A diciembre de 2021, la fiscalía general de Colombia reportaba haber determinado a los autores intelectuales de solo 111 de los más de 500 asesinatos de defensores de derechos humanos registrados desde 2016 por la Oficina del Alto Comisionado de las Naciones Unidas para los Derechos Humanos. Con todo, solo hay 15 sentencias condenatorias a los urdidores de los homicidios. En las zonas rurales que estaban bajo el control de las FARC el sistema judicial es prácticamente inexistente.
Francia Márquez Mina es una de las activistas más prominentes de Colombia. Su labor para expulsar a los mineros de oro ilegales de las comunidades afrocolombianas en el departamento del Cauca la hicieron acreedora al prestigioso Premio Ambiental Goldman en 2018. Tuvo que huir de su pueblo natal en 2014 por las constantes amenazas de muerte. El 4 de mayo de 2019 sobrevivió a un intento de homicidio en Santander de Quilichao: varios hombres le dispararon y lanzaron granadas; hiriendo a tres de sus guardaespaldas gubernamentales.

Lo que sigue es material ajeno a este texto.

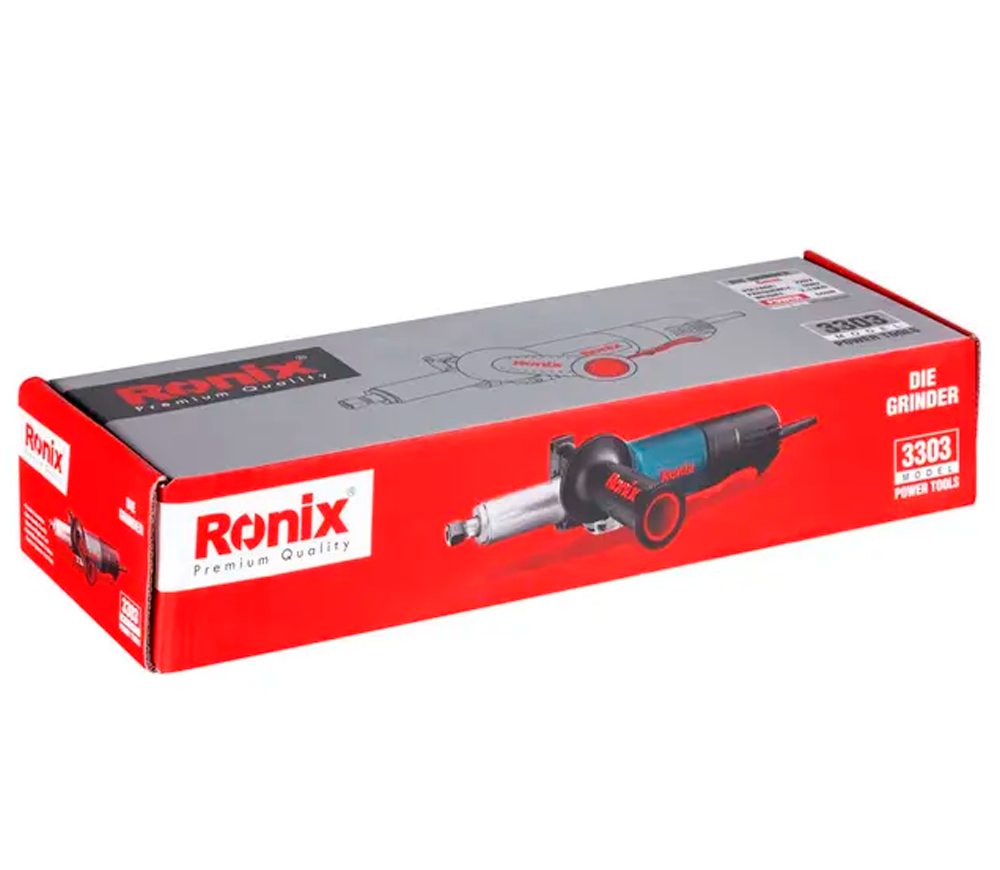 Шлифмашина прямая RONIX 3303 840вт photo 6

“No se ha hecho nada para terminar realmente con los asesinatos –se lamentó Márquez–. Hemos tenido un Estado que permite, por acción u omisión, que nos maten”.
A pesar de todo, muchos líderes sociales sienten que no tienen más alternativa que continuar su labor, aun con los riesgos que conlleva. Eso significa utilizar teléfonos desechables de prepago, cambiar sus rutinas diarias o mudarse cada pocas semanas. “Nos toca desafiar un poco al miedo y atrevernos” para salvar las comunidades amenazadas por la explotación, reconoce Márquez, candidata en las elecciones presidenciales de mayo de 2022, aunque con pocas probabilidades de ganar. “Si no, no habrá cambios”.

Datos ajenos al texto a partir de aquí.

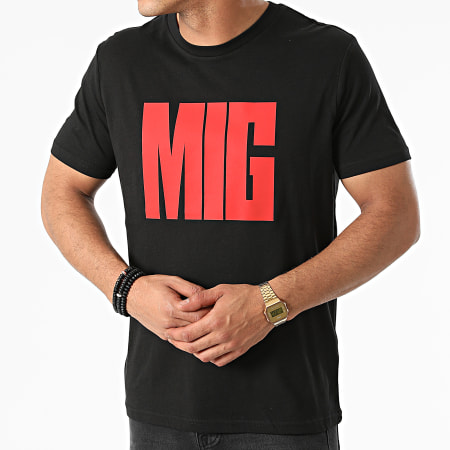 MIG - Camiseta You Know Negra Roja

LA MARCHA DE PROTESTA por el homicidio de Salamanca el 15 de mayo de 2019 fue el preludio de más manifestaciones.
En noviembre de ese año, Colombia fue sacudida con protestas a lo largo del país. Además, la nación se volvió a levantar en contra de los aumentos de impuestos, el crecimiento de la pobreza y la lenta implementación de los tratados de paz durante la primera mitad de 2021. Cuando la policía antimotines atacó a los manifestantes en ciudades como Cali, Pereira e Ibagué, hubo docenas de muertos y cientos de heridos.
La amenaza hacia los líderes sociales es uno de los principales reclamos de los manifestantes en todo el país. Sin embargo, la carnicería continúa: Indepaz registró 170 asesinatos de líderes sociales en 2021. Mientras tanto, la campiña colombiana –hogar de inmensas reservas de biodiversidad y los vitales sumideros de carbono que casi no se encuentran en ningún otro lugar de la Tierra– sufre en las manos de desarrolladores y criminales.

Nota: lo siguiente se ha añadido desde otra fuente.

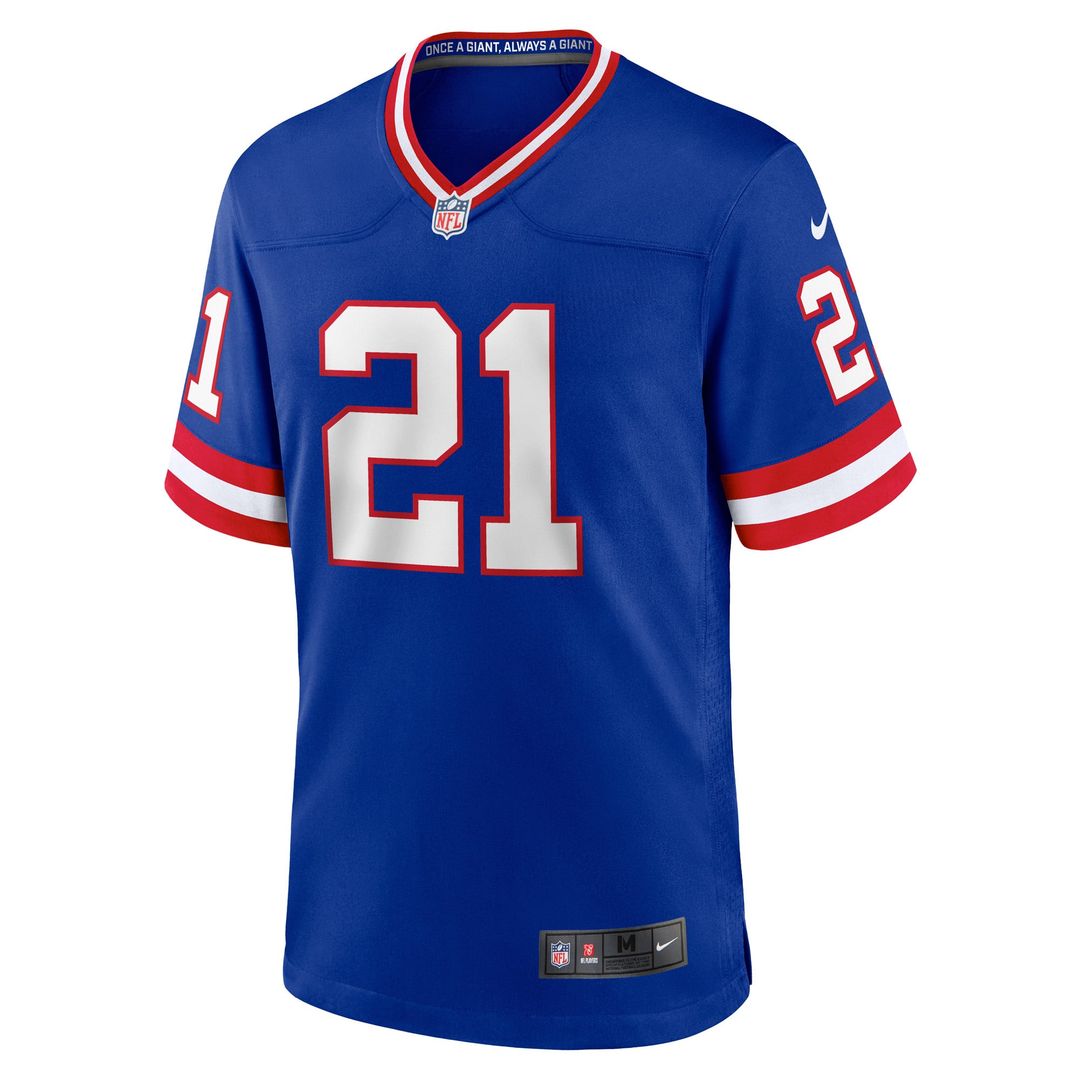 Tiki Barber New York Giants Retired Player Alternate Game Jersey - Royal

Al observar desde arriba los montes verdes del macizo en 2018, Salamanca y yo vimos una delgada capa de nubes sobre el valle del río que asemejaba humo que se levantaba de la tierra. Mejorar la calidad de vida en las antiguas zonas de conflicto, al mismo tiempo que se salvaguardan las comunidades y sus recursos naturales, es una tarea de largo plazo, reconoció el antropólogo.
“Es como comprar una finca abandonada –comentó–. Tienes que meterle mucho dinero y mucho trabajo, y luego esperar un buen tiempo y tener fe en que algún día se verán los resultados”.